Know the declarations for the condominium before creating a lease. For condominiums, landlords will also have to take into consideration the bylaws, along with the Rules and Regulations, for what will and won’t be tolerated when creating a lease.

“In Texas, [condominiums] have declarations, the bylaws are separate,” said Girling. “Texas allows condo associations to bring evictions against tenants for violating declarations, bylaws and any other rules of the association—as long as it’s in their declarations. They can also [initiate] an eviction in the event that a tenant causes damage to a common area, or refuses to pay for the repair.”

However, the condo board trying to evict occupants may create friction with a landlord. For example, if the landlord has an active case to collect unpaid rent on top of there being complaints of unruly occupants in this rental, the landlord may lose money if the tenant is evicted by the condo board before funds are collected.

Girling can relate. In a prior case, one of his clients had a $12,000 claim for unpaid rent. Meanwhile, a homeowners association was already trying to evict the tenant.

“I threatened the HOA with a lawsuit for tortious interference with contract rights,” Girling explained. “The homeowners association ended up dismissing their eviction lawsuit. If [the HOA] got their eviction first, [the HOA] could only get a judgment for possession.”

When the HOA lawsuit was dismissed, the landlord was able to proceed with his own case. For that reason, the landlord being in regular communication with the condo board, clarifying that action is already being taken to abide by the declarations and the landlord’s lease, could avoid this type of miscommunication.

Remind tenants of rules regarding roommates.
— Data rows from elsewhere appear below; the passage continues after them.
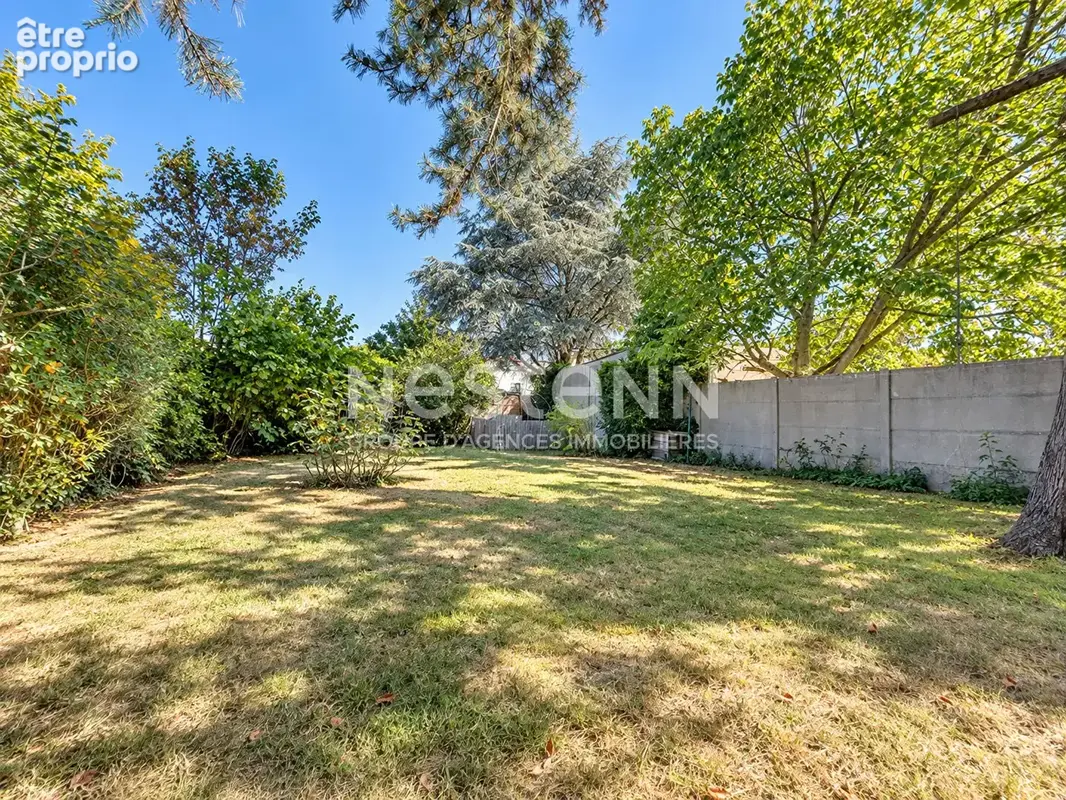 Maison Champs Sur Marne - Sous-sol surélevé - 7 pièces - photo 14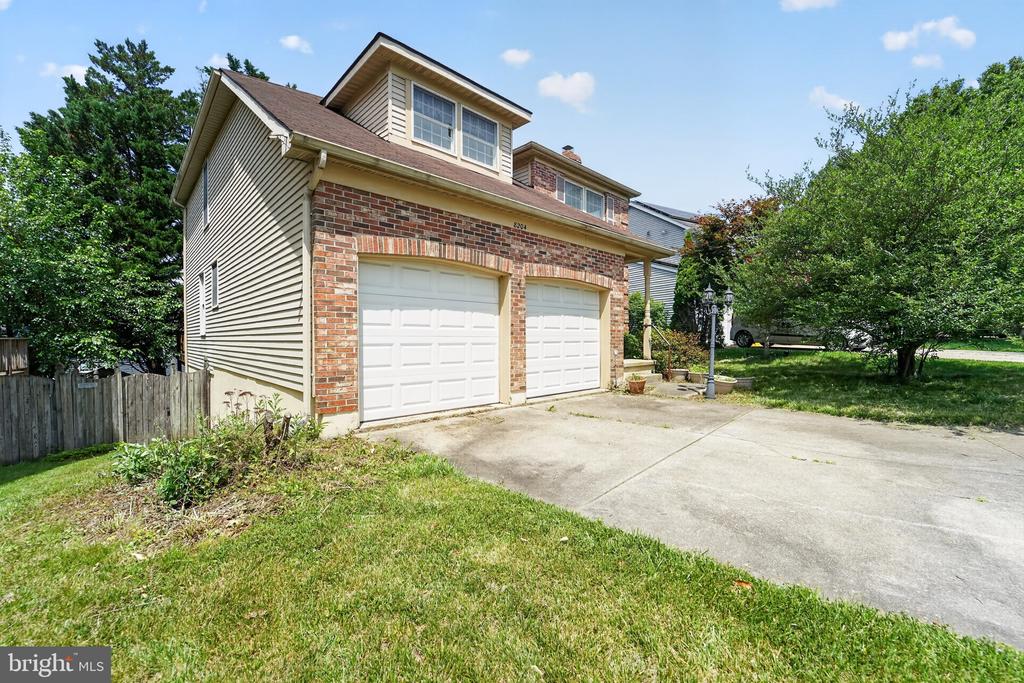 8204 ELKWOOD COURT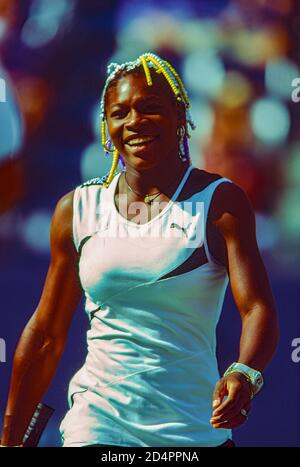 Serena Williams (États-Unis) en compétition à l'US Open tennis 1998 Banque D'Images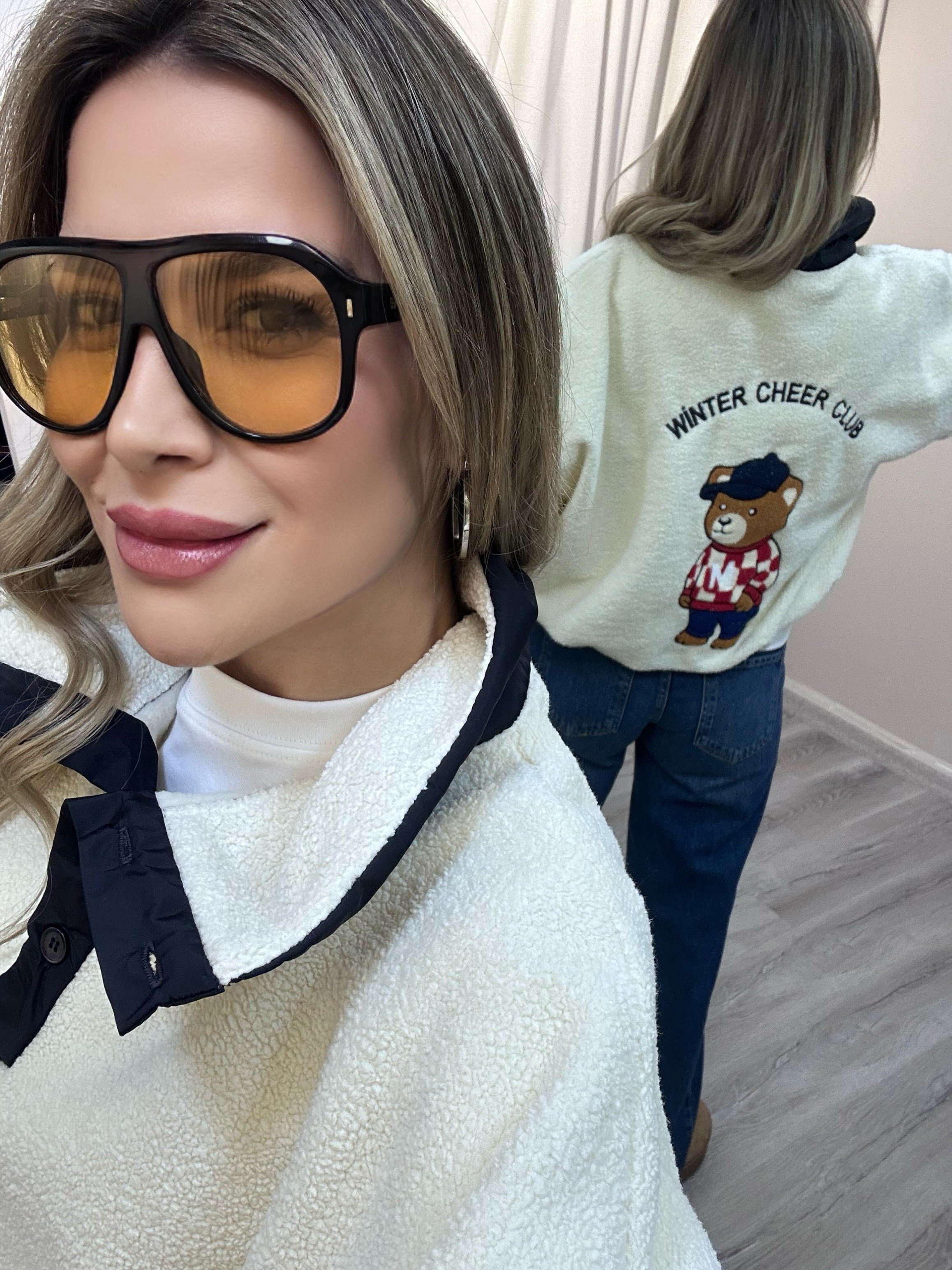Beli Lastikli Nakış Detaylı Yakası Düğmeli Polar Sweat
If the landlord is receiving noise complaints on a consistent basis, this may mean this guest has become a roommate. And if that happens, then the landlord should remind the tenant of the initial residential count. If only one person’s name is on the lease, then it should still be one person. If it’s two, only two. And so on. If the tenant is trying to sneak the guest in as a roommate without paying additional funds, or is trying to sublet the rental to a guest, again, wording in the lease should often spell out the risk of eviction for doing so.

Is Eviction the Only Alternative?
Whether the disruptions are private or public nuisances, the guest’s behavior reflects the tenant. And if the tenant will not make sure the guest behaves, eviction may be the only other option. However, only a sheriff or constable can enforce tenant eviction via court order.

Responsible tenants will do everything within their power to maintain the peace in order to have quiet enjoyment of their homes. Landlords should not have to micromanage their rentals. But if the tenant chooses not to resolve guest complaints and the guest continues with offenses like the ones above, the landlord should start the process of eviction and contact law enforcement if things get out of hand before court procedures can begin.

For nonviolent offenses, it may be easier to just wait out the leasing period so the tenant and guest will move out simultaneously. Once the occupants are gone, the landlord should make sure to complete a careful walk-through of the rental before releasing the security deposit.

Take note of any gray areas in the lease where occupants may have been unclear on how to interact on the property. Then update the lease as needed before the next occupant(s) moves in—hopefully with guests that the landlord will never need to meet.